Telling the story of Empress Dowager Cixi, Forbidden City traces her roots from a young concubine when she was named Yehenara (Cheryl Tan) to her middle years as the Dowager (Kit Chan) and then to her advanced age (played by Sheila Francisco from the Philippines) where she meets an American painter, Kate (Steffanie Leigh), who not only promises to paint her as authentically as possible, but also develops a deep friendship with the Empress.
The music is by Dick Lee, with lyrics by Stephen Clark, and book by both Lee and Clark. The catchy melodies and meaningful lyrics are extremely enticing, and easily capture the emotions of the characters.
Director Steven Dexter cleverly uses multiple divider-type structures that come together to form cubes and walls, and with the accompaniment of swift movements, actors appear and disappear instantaneously, making the storytelling fluid and engaging. Despite cutting across geography and years of history, the narrative effectively unfolds easily, as if it were a movie, thanks to Dexter’s deft direction.
This is the fourth staging of this musical, and it’s largely recognised as a Kit Chan vehicle. However, in this production, it is Tan and Francisco who steal the thunder from Chan.
Tan plays the concubine Yehenara with the innocence and gullibility expected of the character, but it’s her singing that stands out. Whilst Tan has impressed me in Hot Pants (2014) and Beauty World (2015) with her sweet and crystal-clear voice, in Forbidden City she proves her vocals to be even more powerful as she emotes much more. From hope to happiness to heartbreak, Tan’s voice carries the lyrics with the right amount of pathos at each moment, varying seamlessly and effortlessly as needed.
It is however Francisco who brings the goosebumps in her last few scenes, where she gut-wrenchingly sings to Kate about betrayal. As a woman who’s been through so much, Francisco wears all of the Dowager’s tragedies on her sleeve, and translates them superbly with her emotionally intense voice that captures the anger, turmoil, and devastation of someone let down by another.
Other excellent performers are Leigh (despite her American accent not always being consistent) and her foil Earl Carpenter, as well as Benjamin Chow who plays the Dowager’s scheming brother-in-law. Dwayne Lau and Sebastian Tan also impress as the very funny Record Keepers.
With this many talented singers and actors on stage, it is unfortunate that Chan’s performance doesn’t pack as much of a punch in this particular staging.
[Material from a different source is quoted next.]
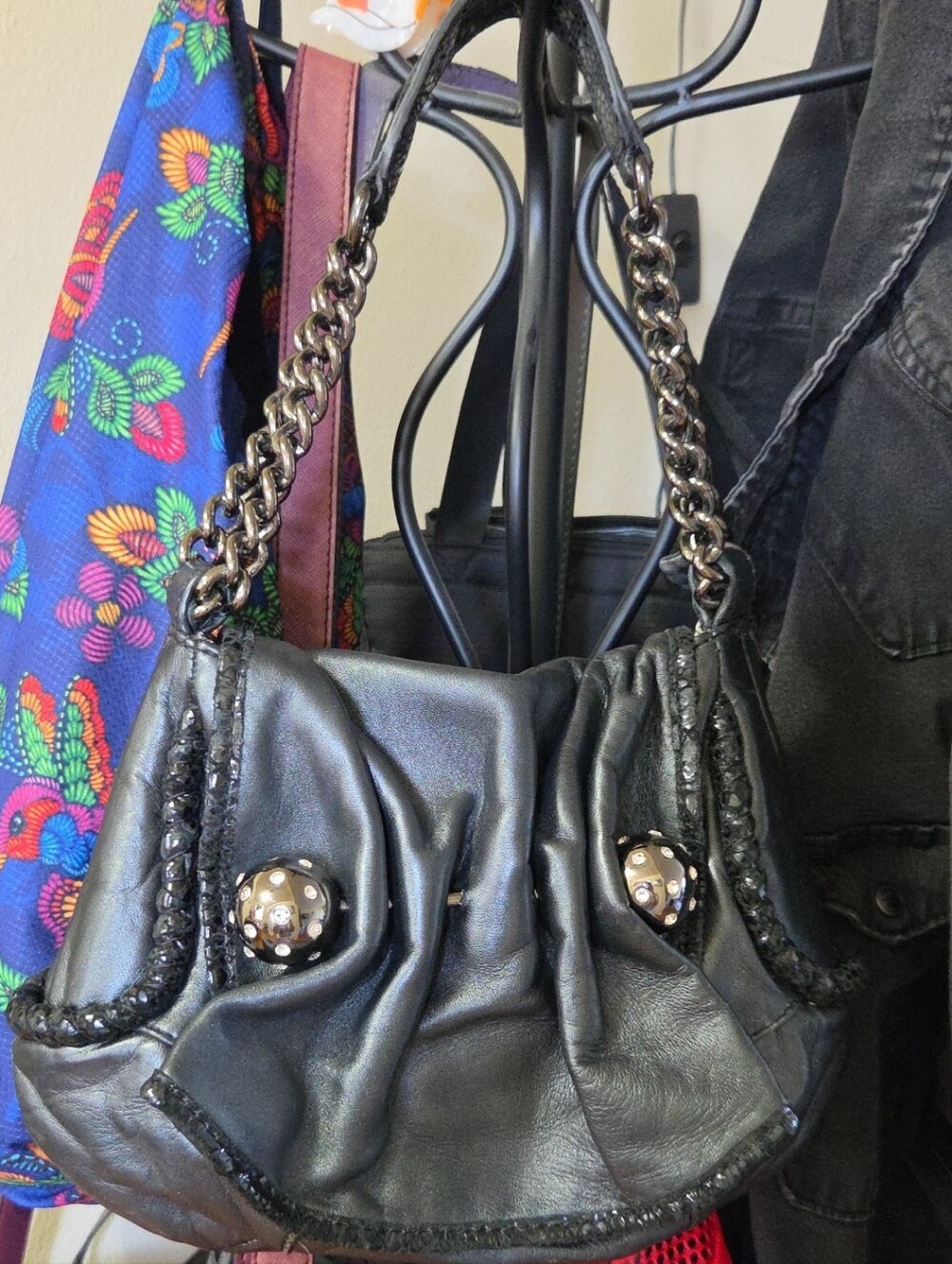 Betsey Johnson Black Leather Shoulder Bag with Chain Straps and Stud Buttons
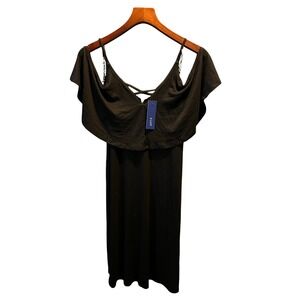 Apt. 9 Womens Mineral Black Cold Shoulder Ruffle Dress WA92G002RS Small NEW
Having said that, this production is visually beautiful as set designer Francis O’Connor and costume designer Yang Derong add to the quality of the show with gorgeous sets that change unexpectedly (one example is when drapes pull down to reveal a war-torn scene) and intricate period costumes that help transport the audience to that era.
So, with its great music, acting, and singing, along with an interesting narrative, Forbidden City really should be required watching for all fans of exquisite storytelling.